L’enjeu écologique est primordial pour toute la société et d’autant plus pour les jeunes qui sont les premiers à le porter et à le défendre lors des mobilisations. On le voit aussi lorsque les jeunes se déplacent pour aller voter, car ils votent pour des écologistes, que ce soit pour le parti écologiste ou pour des listes qui incarnent un changement de modèle et qui défend l’écologie (ndlr. 25% des 18-24 ans ont voté pour EELV aux élections européennes, ce qui représente le premier parti pour cette tranche d’âge, selon une source Ipsos/Sopra Steria). Je crois qu’il y a une véritable prise de conscience. Il n’y a même plus besoin réellement de sensibiliser les jeunes, on est déjà sensibilisés mais il faut réellement leur donner les moyens d’agir. Oui les manifestations et mobilisations sont essentielles mais agir politiquement, c’est participer à construire la société, c’est passer de la parole aux actes. On est beaucoup plus réveillés que nos aînés. Si on veut vraiment lutter contre l’abstentionnisme des jeunes et leur permettre un retour dans l’engagement politique, c’est aux vieilles structures des partis politiques de reprendre leur rôle de politisation de la jeunesse. Un rôle qui a été complètement délaissé. C’est aussi le rôle de notre antenne, de donner les moyens aux jeunes de faire entendre leur voix, de faire de porter leurs revendications et d’agir concrètement.

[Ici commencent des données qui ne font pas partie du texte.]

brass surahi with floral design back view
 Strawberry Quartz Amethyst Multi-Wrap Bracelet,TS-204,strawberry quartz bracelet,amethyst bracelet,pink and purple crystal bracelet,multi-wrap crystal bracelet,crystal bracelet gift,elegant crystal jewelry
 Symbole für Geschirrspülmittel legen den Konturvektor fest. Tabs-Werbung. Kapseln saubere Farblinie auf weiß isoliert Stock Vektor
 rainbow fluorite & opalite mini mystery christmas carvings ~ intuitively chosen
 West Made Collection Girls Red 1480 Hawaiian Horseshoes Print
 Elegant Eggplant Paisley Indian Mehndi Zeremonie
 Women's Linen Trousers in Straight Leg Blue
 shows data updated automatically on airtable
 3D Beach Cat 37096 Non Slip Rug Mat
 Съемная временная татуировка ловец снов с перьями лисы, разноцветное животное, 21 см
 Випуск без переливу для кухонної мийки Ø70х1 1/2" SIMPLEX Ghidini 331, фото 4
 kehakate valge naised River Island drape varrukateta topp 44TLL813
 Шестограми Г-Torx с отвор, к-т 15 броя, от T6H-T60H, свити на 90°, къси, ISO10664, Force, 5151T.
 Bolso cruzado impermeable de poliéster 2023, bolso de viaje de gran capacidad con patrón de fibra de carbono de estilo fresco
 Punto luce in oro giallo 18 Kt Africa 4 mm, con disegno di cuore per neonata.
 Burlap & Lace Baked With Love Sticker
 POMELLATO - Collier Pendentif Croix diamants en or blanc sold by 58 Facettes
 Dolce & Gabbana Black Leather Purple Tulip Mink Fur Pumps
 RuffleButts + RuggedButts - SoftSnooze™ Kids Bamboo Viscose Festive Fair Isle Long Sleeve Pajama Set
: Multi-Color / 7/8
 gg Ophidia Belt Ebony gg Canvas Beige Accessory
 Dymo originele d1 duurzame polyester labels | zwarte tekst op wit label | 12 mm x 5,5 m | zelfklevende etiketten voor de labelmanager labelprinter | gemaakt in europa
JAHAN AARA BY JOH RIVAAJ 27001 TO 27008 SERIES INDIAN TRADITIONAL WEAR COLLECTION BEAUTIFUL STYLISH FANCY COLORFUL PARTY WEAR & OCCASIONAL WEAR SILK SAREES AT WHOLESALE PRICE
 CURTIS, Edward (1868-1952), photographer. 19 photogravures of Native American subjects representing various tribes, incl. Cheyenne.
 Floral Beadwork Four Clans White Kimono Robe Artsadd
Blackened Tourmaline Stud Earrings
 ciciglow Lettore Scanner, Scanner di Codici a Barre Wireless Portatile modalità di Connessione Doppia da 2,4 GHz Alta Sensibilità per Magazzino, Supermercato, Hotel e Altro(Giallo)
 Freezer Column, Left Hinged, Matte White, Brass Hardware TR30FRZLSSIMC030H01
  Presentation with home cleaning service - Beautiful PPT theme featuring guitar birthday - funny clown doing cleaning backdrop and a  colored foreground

- Les jeunes sont-ils plus engagés qu’il y a 20 ans ?
Je ne dirai pas qu’ils sont plus engagés. Ils l’ont toujours été. On est engagés d’une manière vraiment différente, peut-être plus souple, moins structurée au sein de syndicats et de partis politiques. On a aussi l’apparition de nouveaux moyens de mobilisation avec le numérique, les réseaux sociaux. La capacité de diffuser largement l’information a peut-être même permis un engagement plus important des jeunes aujourd’hui. Cependant, il y a une absence des jeunes dans l’engagement au sein des partis politiques. Comme je le disais avant, pour moi le problème n’est pas la jeunesse mais plutôt nos structures. On doit adapter les partis politiques à notre génération. On a fait croire pendant très longtemps aux jeunes qu’on leur laissait une place, mais on les a écoutés sans les entendre réellement et sans prendre en compte leurs revendications, ce qui fait écho à la crise de confiance.
- Les réseaux sociaux ont-ils accentué ce phénomène ?
Il faut tout de même noter que par les réseaux sociaux, on ne fait pas de la politique. On diffuse, on sensibilise, on milite mais il faut aussi une autre forme d’action qui est l’action politique. Ils sont cependant essentiels aujourd’hui pour avoir un rôle de caisse de résonnance mais ils sont indissociables d’un engagement politique. C’est aussi par la démocratie et par les urnes qu’on peut agir concrètement.
- Qu’est-ce que tu peux apporter à un individu qui a 18, 20 ou 23 ans aujourd’hui ?
On lui donne les moyens d’agir et de faire entendre sa voix. On peut résumer notre fonctionnement en 3 mots : écologie, démocratie et partage.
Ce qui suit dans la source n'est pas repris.